Crawled caption data
━━━━━━━━
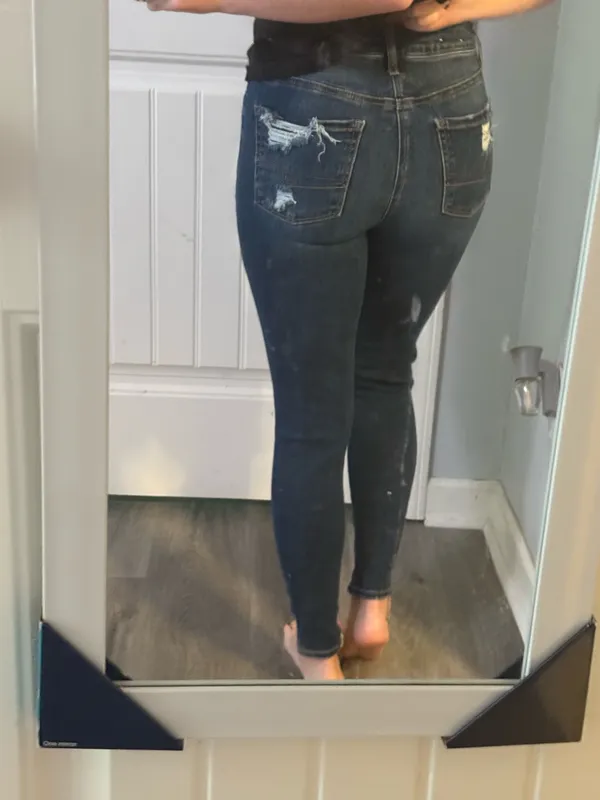 Dark Blue Ripped High-Waisted American Eagle skinny jeans - Image 2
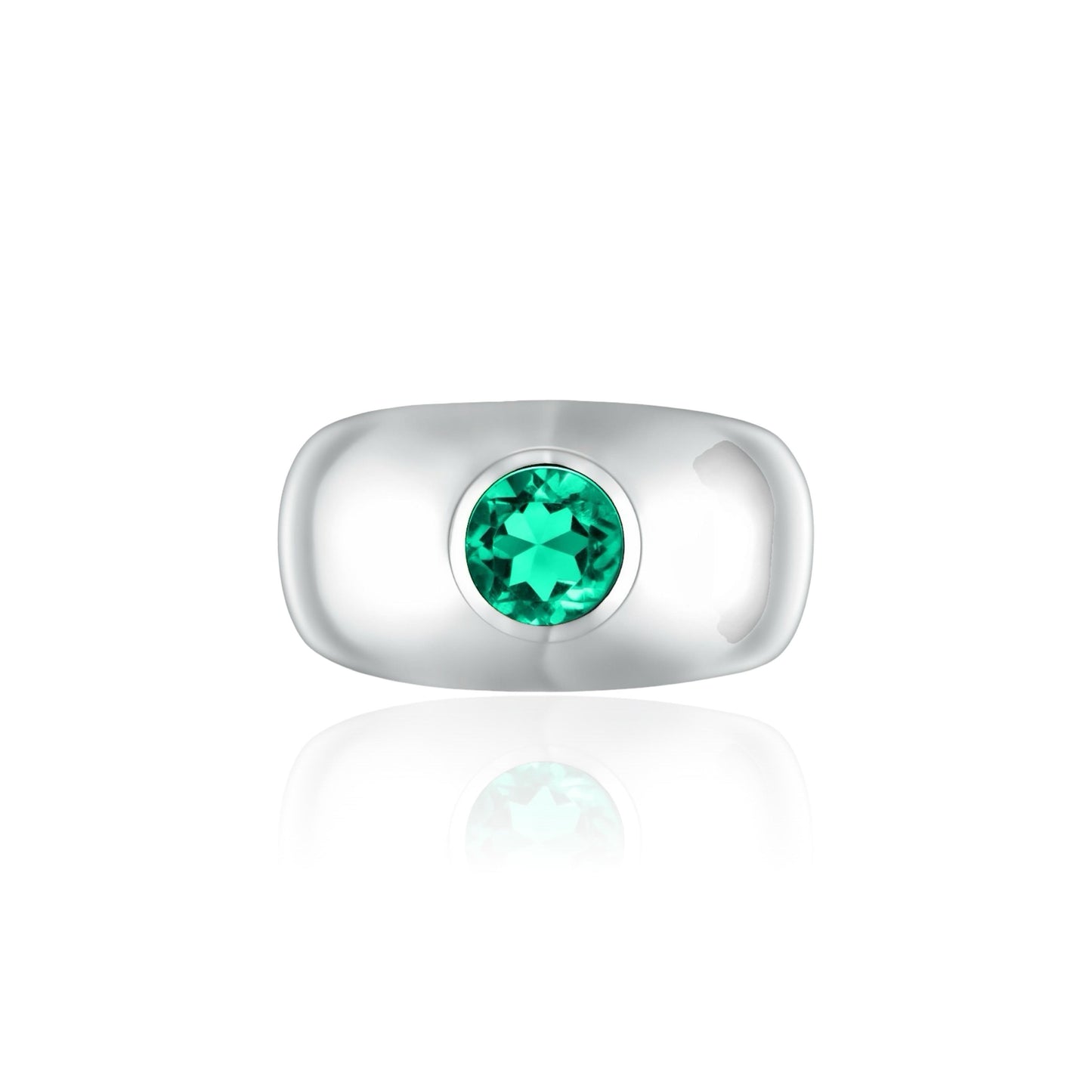 Forma Signet Ring – Colombian Green Emerald
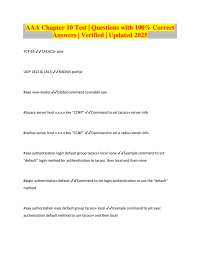 AAA Chapter 10 Test: Questions and Answers with 100% Accuracy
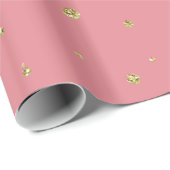 Roze met Gold Faux Glitter Confetti Cadeaupapier (Rol Hoek)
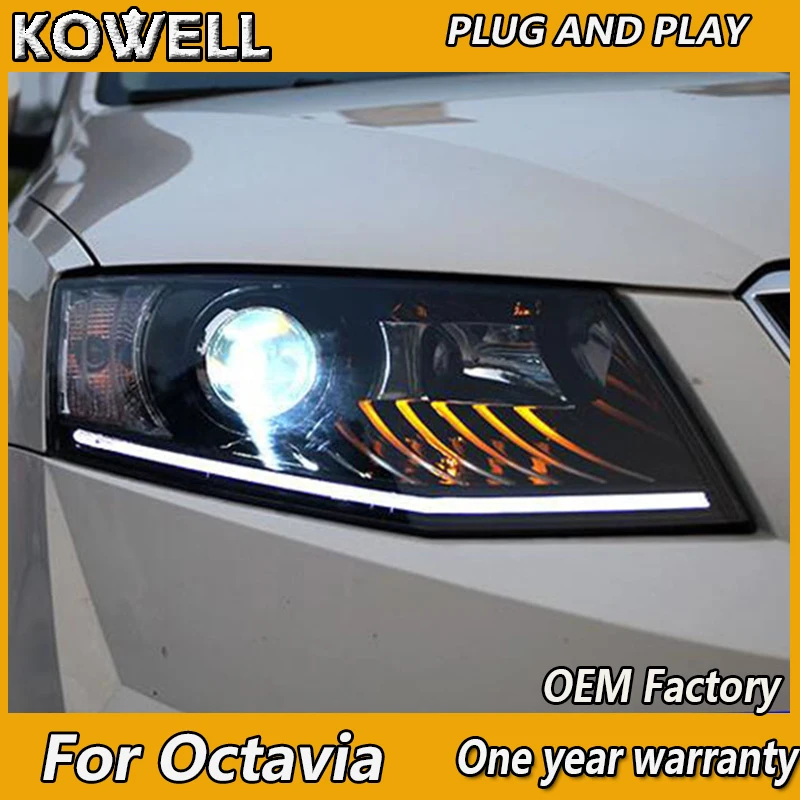 Автомобильный Стайлинг KOWELL для Skoda Octavia фары 2014 2017 новинка светодиодный фонарь DRL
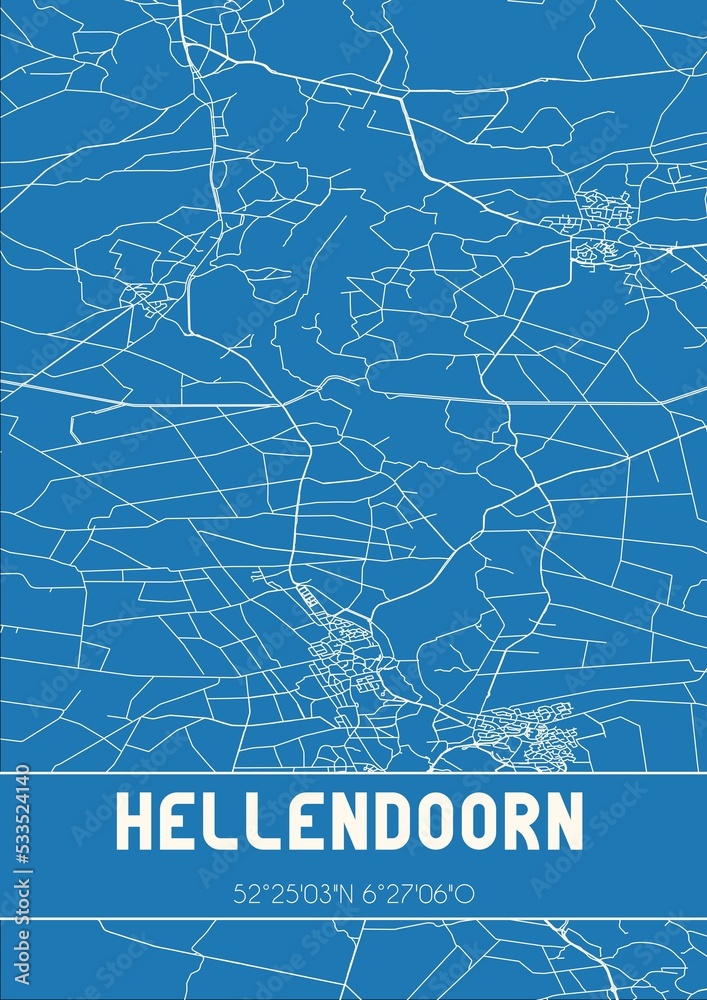 Blueprint of the map of Hellendoorn located in Overijssel the Netherlands.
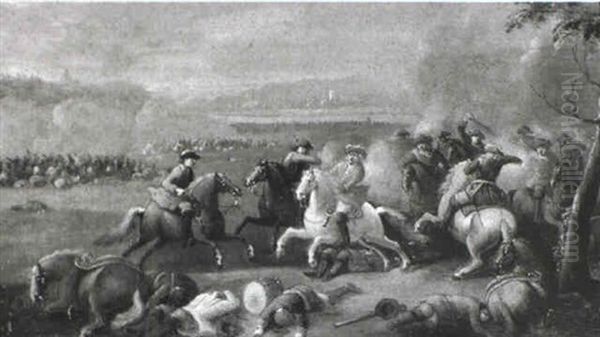 A Cavalry Engagement Oil Painting by Karel Breydel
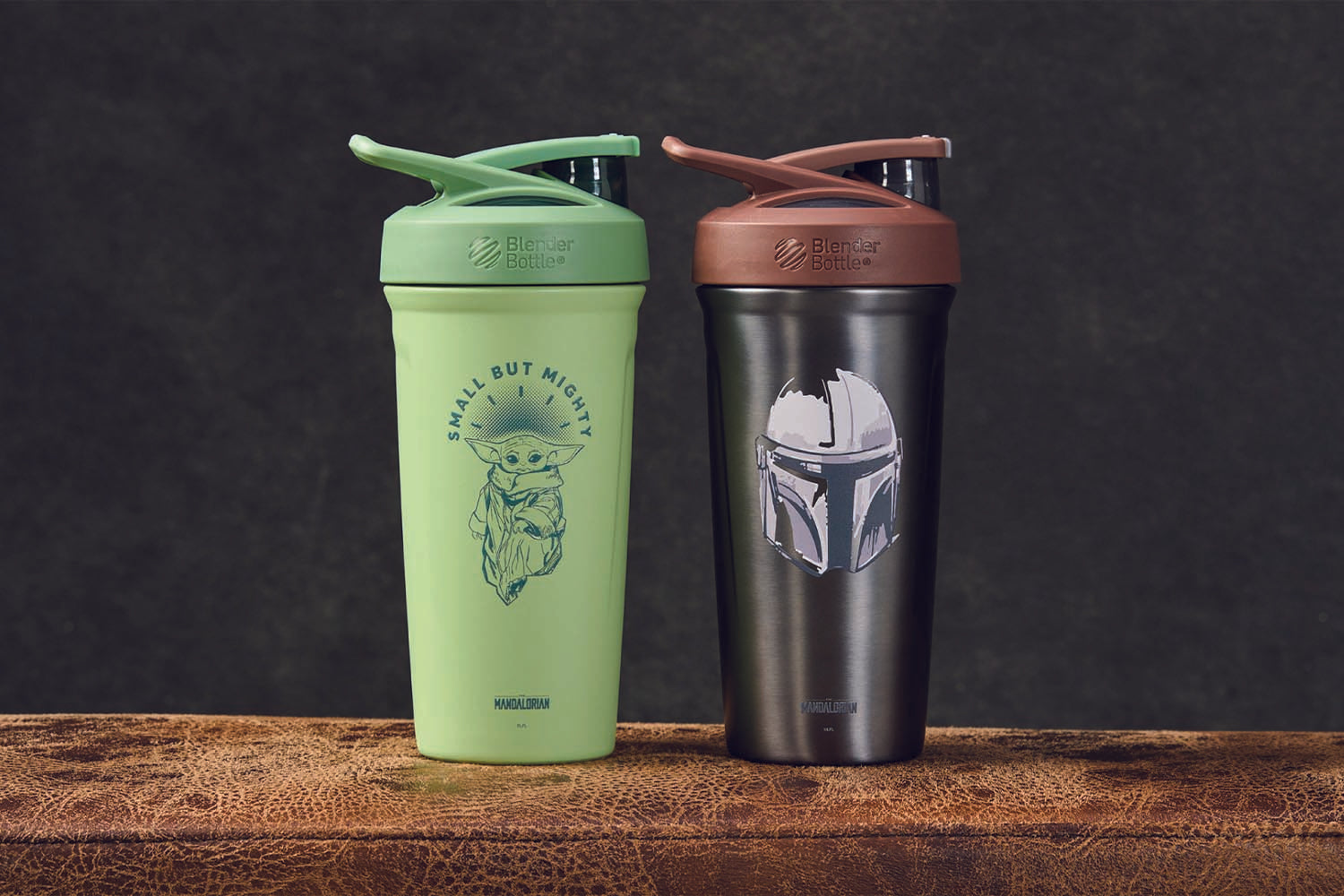 Grogu and The Mandalorian helmet shaker bottle on a bench press
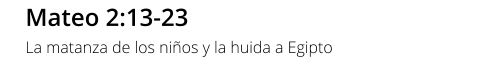 Mateo 2:13-23 La matanza de los niños y la huida a Egipto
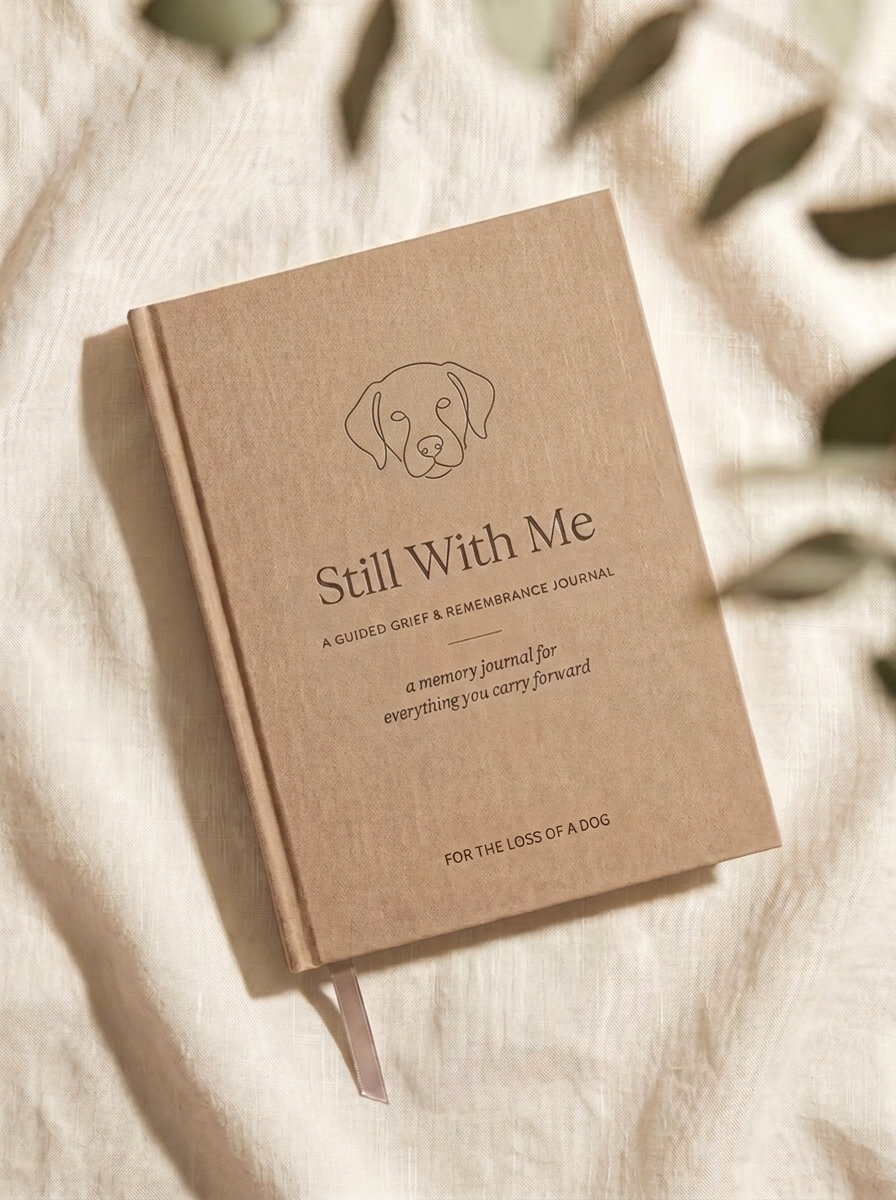 Still With Me — For the Loss of a Dog. Camel linen memorial journal with a fine-line dog emblem.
━━━━━━━━
### EXERCISE DESCRIPTION
Your job is to transcribe the entries above exactly; skip the pictures.

### YOUR SOLUTION
 Dark Blue Ripped High-Waisted American Eagle skinny jeans - Image 2
 Forma Signet Ring – Colombian Green Emerald
 AAA Chapter 10 Test: Questions and Answers with 100% Accuracy
 Roze met Gold Faux Glitter Confetti Cadeaupapier (Rol Hoek)
 Автомобильный Стайлинг KOWELL для Skoda Octavia фары 2014 2017 новинка светодиодный фонарь DRL
 Blueprint of the map of Hellendoorn located in Overijssel the Netherlands.
 A Cavalry Engagement Oil Painting by Karel Breydel
 Grogu and The Mandalorian helmet shaker bottle on a bench press
 Mateo 2:13-23 La matanza de los niños y la huida a Egipto
 Still With Me — For the Loss of a Dog. Camel linen memorial journal with a fine-line dog emblem.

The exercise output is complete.